Introduced in 1999, PLNs are designed to ensure that companies don’t evade their social obligation to pay National Insurance. The legislation allowing HMRC to issue and enforce PLNs only applies to National Insurance Contributions and late payment interest and penalties arising from them. PLN’s do not apply to income tax.

Who can be issued with a PLN?

HMRC can issue a PLN to “officers of the body corporate”, which in practical terms potentially means the directors and company secretary of a contractor limited company, but not the shareholders, such as a contractor’s spouse, unless that person has been actively involved in the management of the company.

Because the burden of proof of neglect and/or fraud lies with HMRC, company officers served with PLNs will often have a track history of evading NIC liabilities, which HMRC will use to make a case for issuing a PLN. Such directors may have started and then closed down several companies in succession to deliberately evade taxes and NICs, a phenomenon known to HMRC as “phoenixism”.

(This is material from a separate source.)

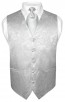 Mens Paisley Tone On Tone Silver Vest with Tie Set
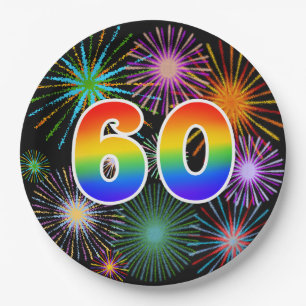 60th Event - Fun, Colourful, Bold, Rainbow 60 Paper Plate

And although HMRC has historically applied PLNs in only the most extreme of cases where the sums owed are considerable, they can still apply to contractors.

Contractors may be vulnerable to PLNs because of IR35

Contractors found to be inside IR35 and facing a claim against their company for unpaid income tax, NICs, interest and penalties could have the balance of the NICs claim transferred to them personally if HMRC considers the contractor to have been negligent in determining their IR35 status.

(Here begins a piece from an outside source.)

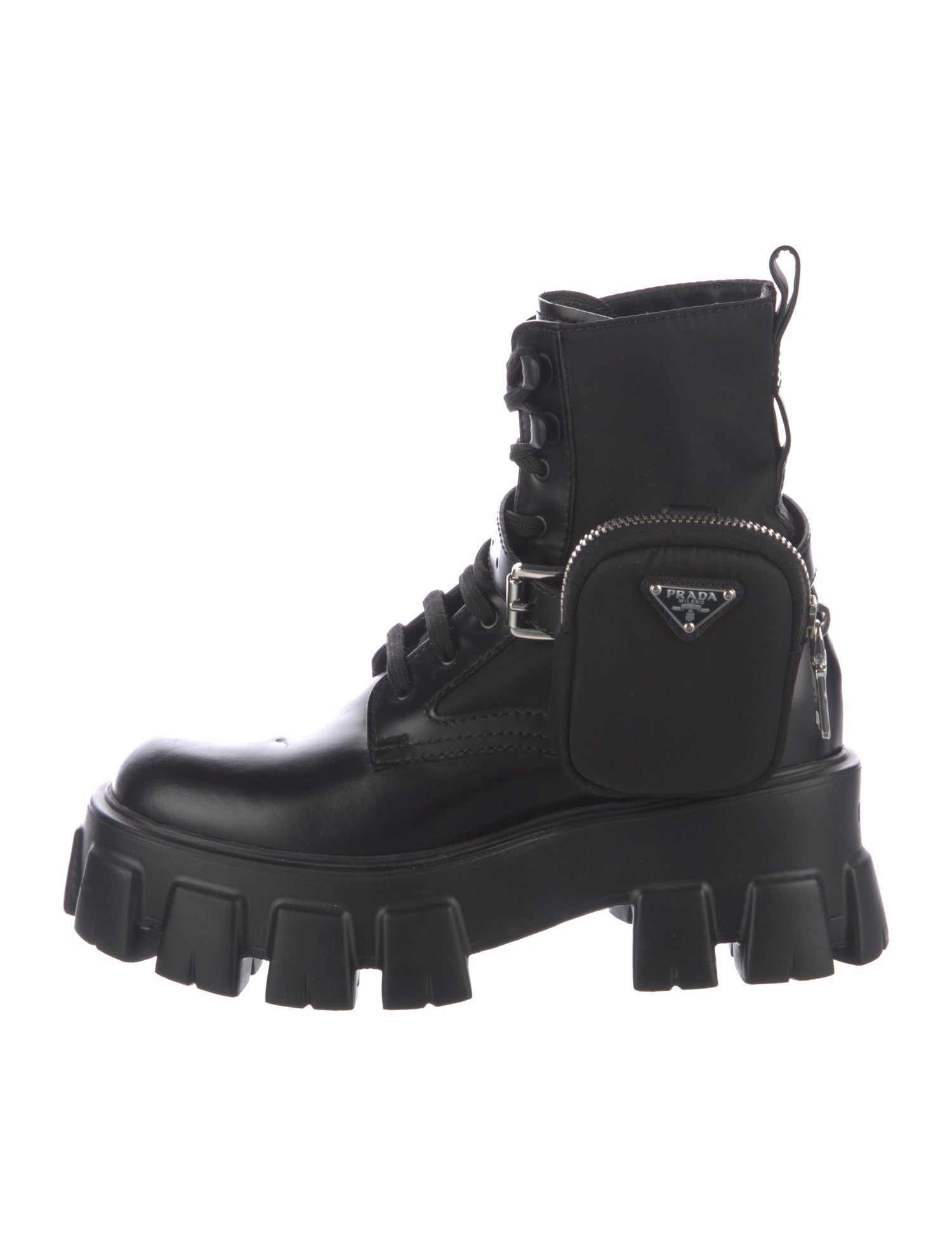 Prada Enameled Metal Triangle Leather Combat Boots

Worryingly for contractors, the definition of neglect used by HMRC to determine whether a PLN should be issued is based on case law. And the case law definition of neglect is sufficiently broad and vague that even simple mistakes, or mistakes that arose through a lack of knowledge, could qualify as ‘neglect’.

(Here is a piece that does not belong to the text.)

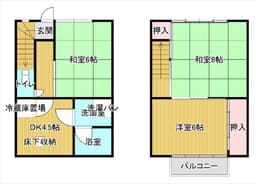上京区下横町の中古木造2階建て住宅　北向き　収益物件としてもの画像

In the case of IR35, a contractor might seek an IR35 contract review from an expert who suggests that the contract would fall foul of IR35. If the contractor chooses to disregard the advice, and is found years later to have been inside of IR35 for that contract, HMRC may have a case for proving the contractor neglectful, subject to a PLN and therefore personally liable for outstanding NICs owed by the contractor’s limited company.

A contractor completing their own IR35 due diligence could conceivably be found to have acted neglectfully with respect to their tax affairs, and be served with a PLN

Similarly, a contractor completing their own IR35 due diligence could conceivably be found to have acted neglectfully with respect to their tax affairs, and be served with a PLN if the contractor limited company has no assets to pay the NICs.

Removing Personal Liability Notices

Clearly, the most effective way of removing a PLN is to pay down the debt. Monies can be paid either by the individual company officer(s) served with the PLN, or by the company if it is still trading. Personal and company payments are cumulative, so if the company has funds to pay a small part of the unpaid NICs, any personal liability is correspondingly increased.

A contractor being issued with a PLN would also be able to appeal to the Tax Tribunal. The legislation requires the burden of proof in any appeal to fall to HMRC, so it would be HMRC’s job to prove the contractor acted neglectfully.

And because the legislation covering PLNs was not originally created to target the directors of companies in financial difficulty, contractors genuinely unable to pay their bills, and who have not been involved in “phoenixism”, are unlikely to face a PLN.